## Elementary Statistics in numpy
### Order statistics
**Function**   |       **Action/Result**
-----------------   | -----------------
ptp( a, axis=None, ...)   |Range of values (maximum - minimum) along an axis.  
percentile( a, q, axis=None, ..., method='linear', keepdims=False)  |Compute the q-th percentile of the data along the specified axis.
quantile( a, q, axis=None, ..., method='linear', keepdims=False)   |Compute the q-th quantile of the data along the specified axis.

**keepdims:** bool, optional --
If this is set to True, the axes which are reduced are left in the result as dimensions with size one. With this option, the result will broadcast correctly against the input array.

### Averages and variances
**Function**   |       **Action/Result**
-----------------   | -----------------
median( a, axis=None, ..., keepdims=False)       |       Compute the median along the specified axis.
average( a, axis=None, weights=None, ..., keepdims=False)         |       Compute the weighted average along the specified axis.
mean( a, axis=None, ..., keepdims=False, where)            |       Compute the arithmetic mean along the specified axis.
std( a, axis=None, ..., ddof, keepdims=False, where)       |       Compute the standard deviation along the specified axis.
var( a, axis=None, ..., ddof, keepdims=False, where)       |       Compute the variance along the specified axis.

**median:** Given a vector $V$ of length $N$, the median of $V$ is the middle value of a sorted copy of $V, V_{sorted}$ - i e., $V_{sorted}\left[\frac{N-1}{2}\right]$, when $N$ is odd, and the average of the two middle values of $V_{sorted}$ when $N$ is even.

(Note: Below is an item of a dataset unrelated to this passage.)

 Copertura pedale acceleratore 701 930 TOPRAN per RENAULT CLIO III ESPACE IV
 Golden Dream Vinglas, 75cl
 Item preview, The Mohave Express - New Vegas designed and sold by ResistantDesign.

**avg = sum(a * weights) / sum(weights)**  

**where:** array_like of bool, optional -- 
Elements to include in the mean. 

**ddof:** int, optional --
Means *Delta Degrees of Freedom*. The divisor used in calculations is N - ddof, where N represents the number of elements. By default ddof is zero.


### **Histograms**
**Functions**   |       **Actions**
-----------------   | -----------------
numpy.histogram( a, bins=10, range=None, density=None, weights=None)  |        Compute the histogram of a dataset.
numpy.histogram2d( x, y, bins=10, range=None, density=None, weights=None)  |   Compute the bi-dimensional histogram of two data samples.
histogram_bin_edges( a, bins=10, range=None, weights=None) | Function to calculate only the edges of the bins used by the histogram function.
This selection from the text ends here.